The negative effects of social media are beginning to be well documented, with Facebook executives recently admitting in a blog post that the platform may pose a risk to users' emotional well-being. Frequently looking at one's phone, interrupting conversations to respond or reply to social media posts and an inability to enjoy participating in any activity without attempting to inform the world of it are all too commonplace in 2018.
Social media permits the user to communicate when convenient, allowing for reflection before responding to a query or offering information, making it easier to manage relationships using tech than with interactive conversation because it can be unilaterally controlled. Studies have shown that up to 11% of adults would rather stay at home and communicate on their devices than take advantage of opportunities to personally interact with friends.
Social media provides a shield or veil for the user, alternately used for protection and concealment, behind which bravado is more easily summoned and notions that would not be spoken to another human being are casually dispensed amid social media. In a culture where the currency is 'followers' and 'friends', you can be or say anything you like without fear of having to face consequences other than being unfriended or unfollowed, which in reality is no consequence at all.

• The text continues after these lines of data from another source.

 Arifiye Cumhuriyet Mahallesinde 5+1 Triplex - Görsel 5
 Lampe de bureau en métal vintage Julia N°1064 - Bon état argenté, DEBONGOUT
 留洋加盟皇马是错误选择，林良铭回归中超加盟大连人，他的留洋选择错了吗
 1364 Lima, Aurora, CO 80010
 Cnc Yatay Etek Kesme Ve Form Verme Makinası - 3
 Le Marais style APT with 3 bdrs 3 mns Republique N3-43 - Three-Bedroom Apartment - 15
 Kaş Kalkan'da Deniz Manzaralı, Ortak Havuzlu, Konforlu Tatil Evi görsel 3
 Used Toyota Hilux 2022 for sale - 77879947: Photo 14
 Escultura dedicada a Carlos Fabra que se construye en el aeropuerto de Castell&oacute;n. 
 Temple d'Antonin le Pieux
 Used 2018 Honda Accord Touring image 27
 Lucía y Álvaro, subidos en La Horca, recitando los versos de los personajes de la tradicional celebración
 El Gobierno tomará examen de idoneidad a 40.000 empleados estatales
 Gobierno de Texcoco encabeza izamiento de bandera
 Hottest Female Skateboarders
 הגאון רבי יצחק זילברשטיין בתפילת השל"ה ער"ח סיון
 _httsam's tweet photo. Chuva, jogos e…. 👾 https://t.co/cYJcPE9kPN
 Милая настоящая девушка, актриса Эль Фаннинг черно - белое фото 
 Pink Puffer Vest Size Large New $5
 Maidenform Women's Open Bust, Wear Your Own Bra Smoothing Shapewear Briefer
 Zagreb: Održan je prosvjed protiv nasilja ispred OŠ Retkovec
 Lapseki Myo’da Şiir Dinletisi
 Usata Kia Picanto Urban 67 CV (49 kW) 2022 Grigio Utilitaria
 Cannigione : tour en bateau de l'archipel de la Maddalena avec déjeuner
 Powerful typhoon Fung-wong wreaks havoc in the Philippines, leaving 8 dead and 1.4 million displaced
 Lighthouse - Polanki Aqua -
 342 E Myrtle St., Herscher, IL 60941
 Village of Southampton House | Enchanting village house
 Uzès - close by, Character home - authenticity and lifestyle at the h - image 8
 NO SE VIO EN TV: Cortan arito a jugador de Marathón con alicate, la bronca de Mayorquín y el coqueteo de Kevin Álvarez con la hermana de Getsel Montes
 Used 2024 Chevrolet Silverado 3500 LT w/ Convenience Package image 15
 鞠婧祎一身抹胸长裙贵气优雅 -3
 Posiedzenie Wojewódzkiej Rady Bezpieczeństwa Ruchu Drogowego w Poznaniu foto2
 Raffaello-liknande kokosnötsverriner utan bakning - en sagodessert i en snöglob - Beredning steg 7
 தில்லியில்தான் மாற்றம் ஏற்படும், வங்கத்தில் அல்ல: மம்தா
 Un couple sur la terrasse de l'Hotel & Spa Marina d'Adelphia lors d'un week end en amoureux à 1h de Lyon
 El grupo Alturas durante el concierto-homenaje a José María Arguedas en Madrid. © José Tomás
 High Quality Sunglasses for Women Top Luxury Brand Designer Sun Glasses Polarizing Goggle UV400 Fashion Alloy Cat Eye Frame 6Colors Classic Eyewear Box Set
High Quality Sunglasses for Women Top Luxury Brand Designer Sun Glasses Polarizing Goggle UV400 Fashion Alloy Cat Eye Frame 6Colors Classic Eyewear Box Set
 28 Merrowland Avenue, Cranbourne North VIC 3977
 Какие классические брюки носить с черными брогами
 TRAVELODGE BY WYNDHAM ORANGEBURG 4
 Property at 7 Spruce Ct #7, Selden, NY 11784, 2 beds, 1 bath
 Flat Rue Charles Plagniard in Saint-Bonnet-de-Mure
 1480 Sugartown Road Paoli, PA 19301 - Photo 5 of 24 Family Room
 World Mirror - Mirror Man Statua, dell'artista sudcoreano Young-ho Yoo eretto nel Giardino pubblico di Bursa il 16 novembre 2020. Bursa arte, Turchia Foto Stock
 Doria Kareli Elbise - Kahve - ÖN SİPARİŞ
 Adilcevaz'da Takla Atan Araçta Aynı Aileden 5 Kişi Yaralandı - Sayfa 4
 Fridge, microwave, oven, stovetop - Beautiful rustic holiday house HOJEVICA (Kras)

In this way, social media makes its users less social, less able to communicate person to person, less human.
The resulting emotional and mental health issues worsen as the refuge found in anonymity and a lack of accountability is sought and assimilated into other parts of life, such as closing email and other correspondence with accountability-free generic signatures like Membership Committee, HR Associate or no signature at all - even in business settings!
At a mere fifteen years old, social media, its benefits and its drawbacks have not yet been fully revealed, however it is already apparent that excessive use of social media can and does contribute to compulsive, addictive-like behaviors and mental health issues.